I have prepared this month end based on the position at 29 July, just ahead of going on holiday on 30 July. The FTSE All Share Total Return index, my chosen benchmark, is up by 1.13% in the month, and is up by 12.34% for the year to date. My investment return for the month was a gain of 0.21%, and a gain of 9.63% for the year to date. This underperformance arises mostly from lower returns on my global and Asia Pacific holdings. Share prices for my holdings in those sectors increased by an unweighted average of 3.40%, whereas my other holdings averaged gains of 13.07%. Overall, my individual holdings recorded share price movements for the year so far ranging from a loss of -4.90% to a gain of 30.24% with an unweighted average result of a gain of 9.44%.
Starting from an index value of 100.00 at 31 December 2013, my capital is now 136.83. This is a slight reduction from a peak at the May month end. It is up by 7.70% since the end of the 2020 year. Investment returns, growth and income, were 9.54%, and draw down expenditure deducted -1.84% for the seven months of the year to date.
Annual dividend income as a percentage of the opening portfolio value on 31 December 2013 has increased from 3.37% to reach 6.66% at this month end. This measure is reduced slightly since the end of May because of the investment changes made in early June.
Portfolio income has increased by 2.98% in the year to date. I am now aiming to hold my income at this level.
This year the investment trusts I hold are mostly maintaining their dividends at the level of the previous year. There have been some small increases to meet previously stated objectives or to maintain dividend hero status. They are mostly having to use their revenue reserves to support these dividend payments. They will need the companies they hold to increase or restore their dividends within the next couple of years or else their dividends and my income will fall.
My portfolio can still increase it’s income by the reinvestment of dividends given that my expenditure is lower than my portfolio income. When that happens, I can sell some shares to raise my cash position, or I can sell some higher income holdings and buy some more growth holdings. This will leave portfolio income back where it was but should enable more portfolio growth in future.
The table below shows the composition of my portfolio at the end of the month. This has been analysed by the sector of each holding. I am mostly content with this distribution with over 80% in equities and about half of that in the UK. The bonds and property provide some diversification and enhance the overall dividend yield of the portfolio.

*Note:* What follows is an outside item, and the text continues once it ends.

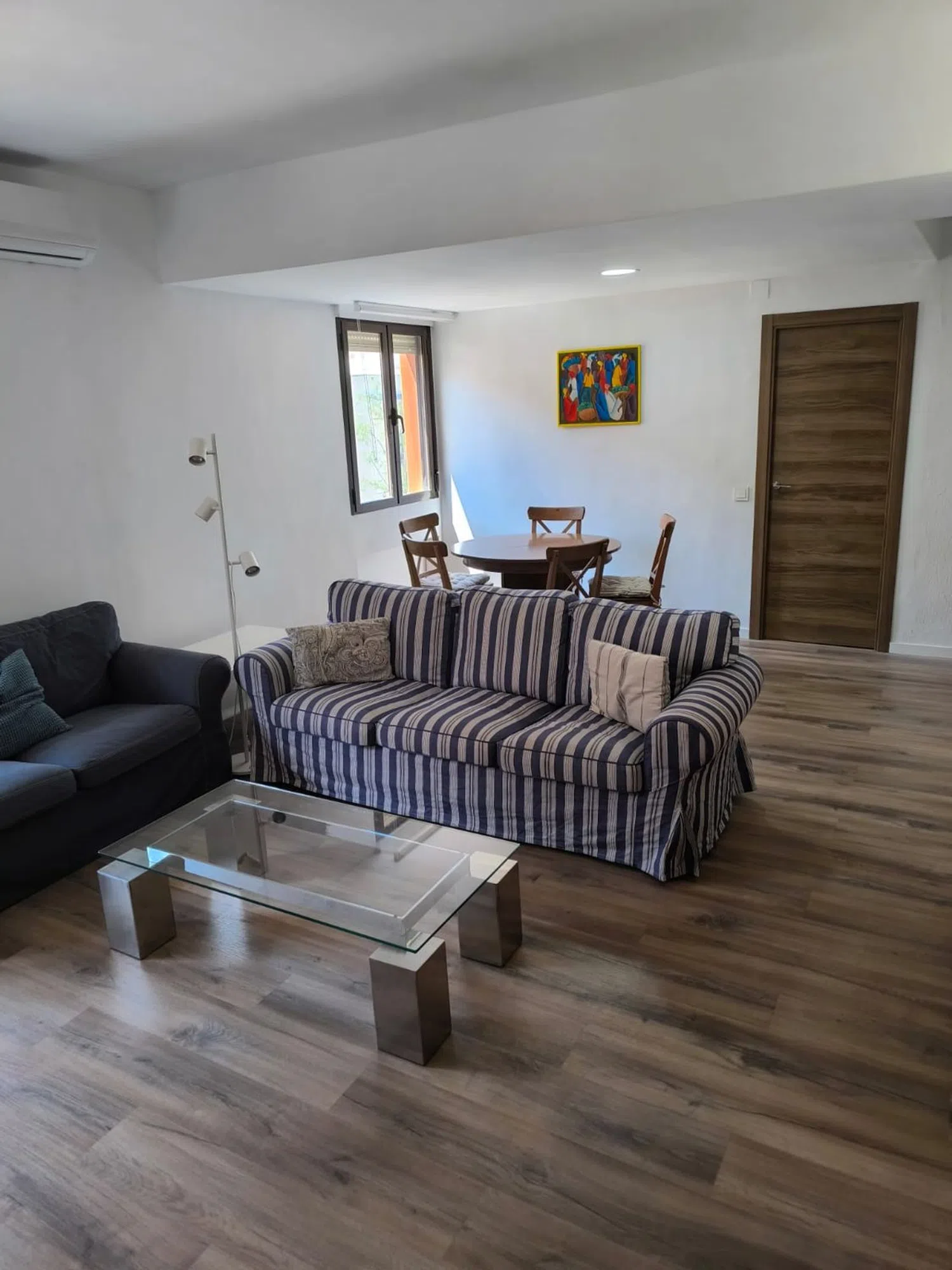 Piso - Foto 5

|Yield %||Capital %||Income %|
My annual drawdown spending is now around 3.28% of my portfolio value, based on the last two years spending and the opening and closing values for that period. My cash holdings are sufficient to cover about six months of spending. In addition to this, dividends being paid out each year are sufficient to cover about four months of spending. My other dividends received are being immediately re-invested in more shares in order to grow my income. This cash position means I will need to sell some investments every few months in order to cover spending and to keep a small cash reserve.
Draw down expenditure was only 63.31% of my portfolio income for the last twelve months. This compares to draw down spending being 67.41% of my portfolio income in the previous twelve months. Portfolio income has risen by 9.99% whilst expenditure has increased by 3.31%. The increase in income includes inheriting extra capital in April last year, and the continued effect of dividend reinvestment, dividend increases, and portfolio changes. The impact of lockdown restrictions on expenditure is no longer evident now that both years include several months of lockdown restrictions.
This was a quiet month after some repositioning in earlier months. I feel able to be less active partly because I am relying on the portfolio managers of the investment trusts I hold to manage my stake in the markets and to manage the income flowing from that stake. I also feel that being more active can impair results if the changes made are mistimed.